Steering group meeting. Photo: Krišjānis Libauers.
Lakes and mires in the nature reserve are of high value not only at regional, but also at national scale. Augstrozes Lielezers Lake is an excellent example of semidystrophic lakes with a high number and density of rare, protected plant species including the very rare plant Lobelia dortmanna. Similarly, Mazezers Lake is considered of high quality, though lower than that of Augstrozes Lielezers Lake. In the previous few years, the water table of Augstroze Lielezers Lake has been affected by beaver activity, however, the impact, though undesireble in terms of lake ecosystem, has not been significant.
Large areas of the nature reserve are covered by mires, most of them are excellent examples of active, untouched bogs and natural transition mires. Large open bog areas can be found, which are of particular importance for several threatened bird species, e.g. Tringa glareola, T. totanus, Pluvialis apricaria, Numenius arquata, N. phaeopus, Tetrao tetrix. The intact sections of bogs with large number of bog pools are extremely important for birds (cranes, geese) during migrations.
Although majority of mire areas are intact, the northern part of Madiešēnu Bog have been affected by drainage. The largest ditches were dug in the 1930s and 40s and do not function anymore, whereas ditches dug later are still actively draining the bog and causing its degradation. This leads to increased decomposition of peat, increased emission of greenhouse gases, decline of sphagnum mosses and enhanced overgrowing with trees. The hydrological condition of the bog and rewetting options are being studied by the project hydrologist O. Aleksāns, including field surveys, field measurements (physical properties of bog waters, e.g. pH, electric conductivity, dissolved oxygen, temperature) and use of remote sensing data and hydrolgeological modelling. In the nearest future, also wells for monitoring the water table will be established.

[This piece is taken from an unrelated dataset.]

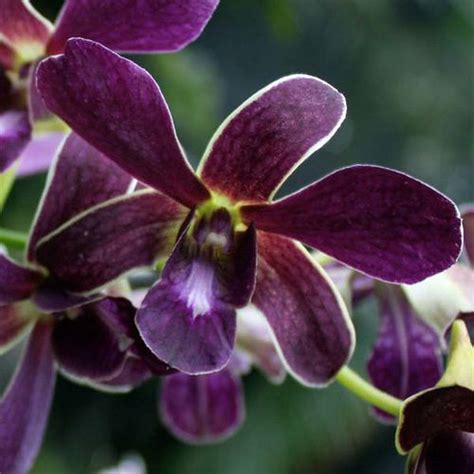 Dendrobium (Toshiko Blue x Izumi) - Go Green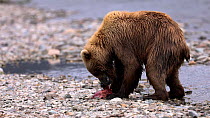 Brown bear (Ursus arctos) tearing and then eating the skin and flesh of a Sockeye salmon (Oncorhynchus nerka), Katmai national park, Alaska. August.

Project hydrologist O. Aleksāns doing field measurements in the drained part of Madiešēnu Bog. Photo: I. Aleksāne.
During the meeting, several questions were discussed, including those related to the history of land use which is important to understand the current situation. The coordinator of the management plan presented the work schedule of the elaboration plan and invited all stakeholders to submit opinions. The expert group will continue working on the plan until mid-December, and then it will be available for public opinions.
A drainage ditch in the northern part of Madiešēnu Bog. There were well pronounced fluctuations of water table, leading to undesirable changes in bog vegetation, enhanced peat decomposition and greenhouse gas emissions. Photo: O. Aleksāns.